Actually I said that dchar[] (i.e. UTF-32) wasn't ideal, but anyway...
(UTF-8 or UTF-16 is preferrable, for the reasons in the UTF FAQ above)

We already have char[] as the string default in D, but most models for
a String class uses wchar[] (i.e. UTF-16), for instance Mango or Java:
* http://mango.dsource.org/classUString.html (uses the ICU lib)
* http://java.sun.com/j2se/1.5.0/docs/api/java/lang/String.html

All formats do use Unicode, so converting from one UTF to another is mostly a question of memory/performance and not about any data loss.
However, it is not converted at compile time (without using templates)
so mixing and matching different representations is somewhat of a pain.

I think that char[] for string and wchar[] for String are good defaults.

> My impression has gone from being quite scared of UTF to being not so worried, but only for myself.  D seems to be good at handling UTF, but only if someone tells you to never handle strings as arrays of characters.  Unfortunately, the first thing you see in a lot of D programs is "int main( char[][] args )" and there are some arrays of characters being used as strings.  This also means that some array capabilities like indexing and the braggable slicing are more dangerous than useful for string handling.  It's a newbie trap.

It is, since it isn't really "arrays of characters" but "arrays of code units". What muddies the waters further is that sometimes they're equal.
That is, with ASCII characters each character fits into a a D char unit.
Without surrogates, each character (from BMP) fits into one wchar unit.

However, all code that handles the shorter formats should be prepared to handle non-ASCII (for UTF-8) and surrogates (for UTF-16), or use UTF-32:
bool isAscii(char c) { return (c <= 0x7f); }
bool isSurrogate(wchar c) { return (c >= 0xD800 && c <= 0xDFFF); }

But a warning that D uses multi-byte strings might be in order, yes...
Another warning that it only supports UTF-8 platforms* might also be ?

--anders

* "main(char[][] args)" does not work for any non-UTF consoles,
  as you will get invalid UTF sequences for the non-ASCII chars.
October 01, 2006
On Sat, 30 Sep 2006 21:18:02 -0700, Walter Bright wrote:

> P.S. I did say to not 'enforce', but that doesn't mean I am above recommending a particular style, as in http://www.digitalmars.com/d/dstyle.html

Oh, I threw trhat away ages ago ;-)

-- 
Derek Parnell
Melbourne, Australia
"Down with mediocrity!"
October 01, 2006
Walter Bright wrote:
> Sean Kelly wrote:
>> Walter Bright wrote:
>>>
>>> Contrast that with C++, which has no usable or portable support for UTF-8, UTF-16, or any Unicode. All your carefully coded use of std::string needs to be totally scrapped and redone with your own custom classes, should you decide your app needs to support unicode.
>>
>> As long as you're aware that you are working in UTF-8 I think std::string could still be used.  It just may be strange to use substring searches to find multibyte characters with no built-in support for dchar-type searching.
> 
> It's so broken that there are proposals to reengineer core C++ to add support for UTF types.
> 
> 1) implementation-defined whether a char is signed or unsigned, so you've got to cast the result of any string[i]

Oops, forgot about this.

> 2) none of the iteration, insertion, appending, etc., operations can handle multibyte

True.  And I hinted at this above.

> 3) no UTF conversion or transliteration
> 
> 4) C++ source text encoding is implementation-defined, so no using UTF characters in source code (have to use \u or \U notation)
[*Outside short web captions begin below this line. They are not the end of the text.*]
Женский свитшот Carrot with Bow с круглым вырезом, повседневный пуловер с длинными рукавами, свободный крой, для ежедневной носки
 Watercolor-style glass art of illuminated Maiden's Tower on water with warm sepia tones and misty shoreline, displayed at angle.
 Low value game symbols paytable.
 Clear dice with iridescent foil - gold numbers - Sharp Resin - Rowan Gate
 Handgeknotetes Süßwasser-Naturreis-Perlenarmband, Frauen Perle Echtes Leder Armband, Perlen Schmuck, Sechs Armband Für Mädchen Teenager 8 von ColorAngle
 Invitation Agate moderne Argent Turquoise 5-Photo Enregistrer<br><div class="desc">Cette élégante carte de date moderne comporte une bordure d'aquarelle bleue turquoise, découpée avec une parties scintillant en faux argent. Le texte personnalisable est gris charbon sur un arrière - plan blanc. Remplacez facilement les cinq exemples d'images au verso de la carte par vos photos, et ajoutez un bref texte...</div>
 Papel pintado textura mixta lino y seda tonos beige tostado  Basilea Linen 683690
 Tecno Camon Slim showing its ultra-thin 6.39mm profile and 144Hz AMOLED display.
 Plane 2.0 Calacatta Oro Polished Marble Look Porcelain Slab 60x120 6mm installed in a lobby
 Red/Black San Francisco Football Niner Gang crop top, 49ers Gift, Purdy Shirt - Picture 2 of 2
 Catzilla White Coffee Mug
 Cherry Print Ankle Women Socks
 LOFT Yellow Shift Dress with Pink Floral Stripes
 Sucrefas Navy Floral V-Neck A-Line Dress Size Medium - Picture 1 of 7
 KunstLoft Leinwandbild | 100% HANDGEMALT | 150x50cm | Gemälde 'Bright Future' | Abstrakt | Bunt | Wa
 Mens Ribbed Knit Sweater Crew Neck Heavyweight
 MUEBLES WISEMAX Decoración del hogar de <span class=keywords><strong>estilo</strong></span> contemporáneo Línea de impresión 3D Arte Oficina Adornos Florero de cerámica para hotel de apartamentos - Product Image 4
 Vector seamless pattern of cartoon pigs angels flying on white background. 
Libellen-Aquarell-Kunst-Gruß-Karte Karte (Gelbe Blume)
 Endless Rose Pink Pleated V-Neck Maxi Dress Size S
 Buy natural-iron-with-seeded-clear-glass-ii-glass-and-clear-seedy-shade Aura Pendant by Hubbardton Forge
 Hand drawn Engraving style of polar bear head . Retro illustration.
Personally, I see this as a language deficiency more than a deficiency in std::string.  std::string is really just a vector with some search capabilities thrown in.  It's not that great for a string class, but it works well enough as a general sequence container.  And it will work a tad better once they impose the came data contiguity guarantee that vector has (I believe that's one of the issues set to be resolved for 0x).

Overall, I do agree with you.  Though I suppose that's obvious as I'm a former C++ advocate who now uses D quite a bit :-)


Sean
October 01, 2006
Sean Kelly wrote:
>> 3) no UTF conversion or transliteration
>>
>> 4) C++ source text encoding is implementation-defined, so no using UTF characters in source code (have to use \u or \U notation)
> 
> Personally, I see this as a language deficiency more than a deficiency in std::string.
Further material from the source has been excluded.